Pero pronto aquel idílico paisaje se apartaba de su mente para dar paso a otro más dulce pero más doloroso, estaba ensimismado en sus pensamientos cuando una voz dulce y cariñosa le susurró al oído, mientras una mano acariciaba su espalda: «Cariño, ¿te animas a bajar por el sendero hasta la orilla del río?».
El sendero era angosto, empinado y con mucho matorral, que le arañaba y le podía hacer perder el equilibrio. Pero allí iban los dos enamorados cogidos de la mano hasta descender los más de doscientos metros de bajada, solo para contemplar de cerca las grises aguas del río. Sentados en el borde pasaban las horas, aislados del mundo, viviendo su amor como colegiales en su primera cita y sin que la diferencia de edad, veintidós años, fuese inconveniente alguno. Los dos se sentían jóvenes y mayores, el mundo parecía detenerse y ellos solo vivían para ellos mismos. El cielo siempre era azul y el clima cálido, todo era maravilloso y se sentían capaces de volar.
Estaba tan absorto en sus pensamientos que no escuchó la voz que le decía «dobriy den», (buenas tardes), hasta que una mano se posó en su hombro y repitió «dobriy den». Aquella voz le llevó a la triste realidad de su soledad. El sueño se desvaneció, pero lo había retrotraído al pasado.

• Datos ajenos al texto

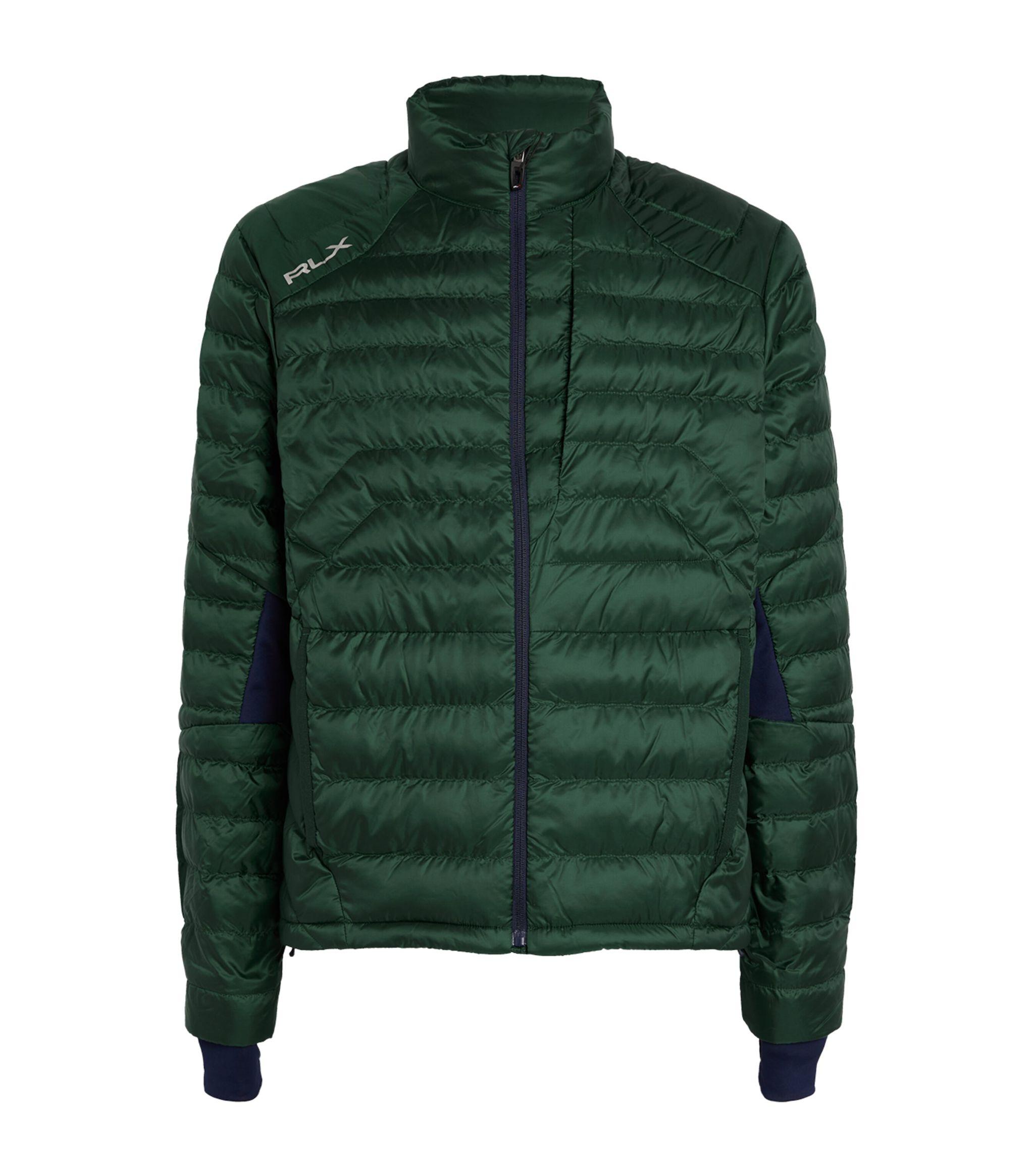 RLX Ralph Lauren Quilted Jacket in Green for Men | Lyst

Habían pasado veintinueve años.
CAPÍTULO II
El colapso y posterior desmembramiento de la URSS en 1991 había despertado una voracidad tremenda en todas la naciones europeas ante un mercado de más de 148 millones de habitantes sedientos de disfrutar de las comodidades de la sociedades occidentales, una sociedad carente de lo más elemental como son los alimentos, los medicamentos y los accesorios de higiene personal; los anaqueles de los supermercados estaban vacíos, la muchedumbre deambulaba por las calles con una bolsa de redecilla, a la que llamaban la bolsa del por si acaso; por si acaso encuentro pan, o cebollas o patatas, o lo que fuera para poder cocinar y comer algo. De los bancos de los jardines y plazas de las ciudades solo quedaba el armazón de hierro, la madera de los asientos y respaldos había desaparecido, unos decían que, para hacer muebles, otros que para hacer fuego. La pobreza se vislumbra por todas partes.

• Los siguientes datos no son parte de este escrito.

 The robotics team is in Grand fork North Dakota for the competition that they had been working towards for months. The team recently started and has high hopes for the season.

El Gobierno de la Unión Soviética que había llevado, con su catastrófica y alocada carrera armamentista, a la URSS primero a la ruina y luego a su implosión interna, había desaparecido. El borrachín Yeltsin, como buen populista, se había hecho con el poder en Rusia y había declarado su independencia.

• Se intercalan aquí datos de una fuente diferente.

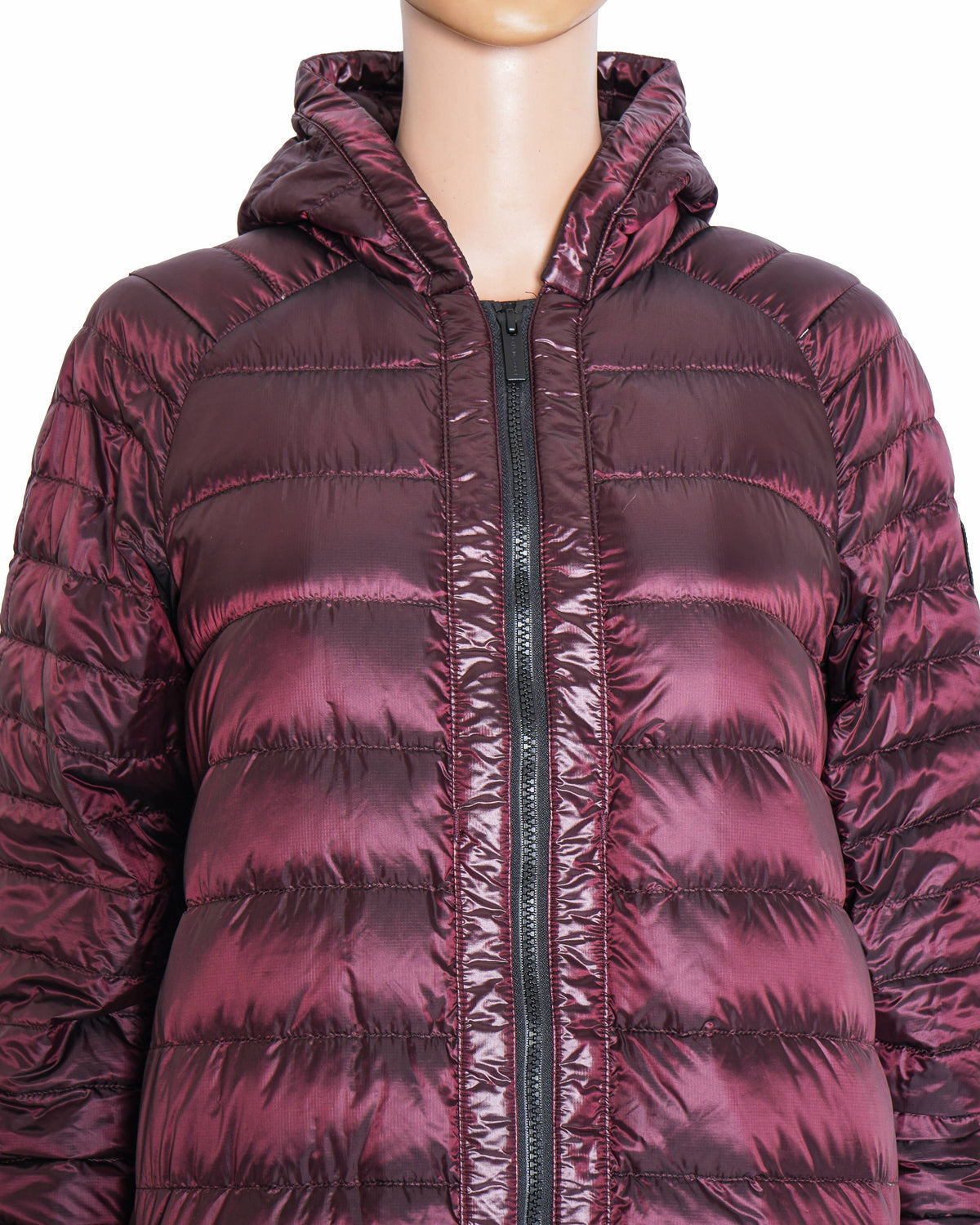 Canada Goose Metallic Purple Hooded Puffer Jacket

Ante los países occidentales se abría un mercado potencial ilimitado, no solo en cuanto a ventas, sino también en cuanto a inversiones o adquisiciones de los muchos recursos naturales de que dispone el país. No en balde, Rusia tiene las mayores reservas de recursos energéticos y minerales del mundo.
Y España no iba a ser menos.
Una empresa española productora de productos plásticos había conseguido colocar al Gobierno de la Republica de Bashkortostán una planta de producción de linóleum, por la intermediación de un español (niño de la guerra), que había ostentado algunos puestos importantes en el ministerio de energía; la planta estaba obsoleta, de hecho, había sido desmontada y abandonada en una localidad del País Vasco cuando en 1983 se produjo una terrible inundación que anegó muchas plantas industriales y su maquinaria quedó inservible. Para su montaje en Rusia se seleccionó un equipo de tres ingenieros de la planta y un ingeniero de una empresa de ingeniería que haría la labor de coordinación.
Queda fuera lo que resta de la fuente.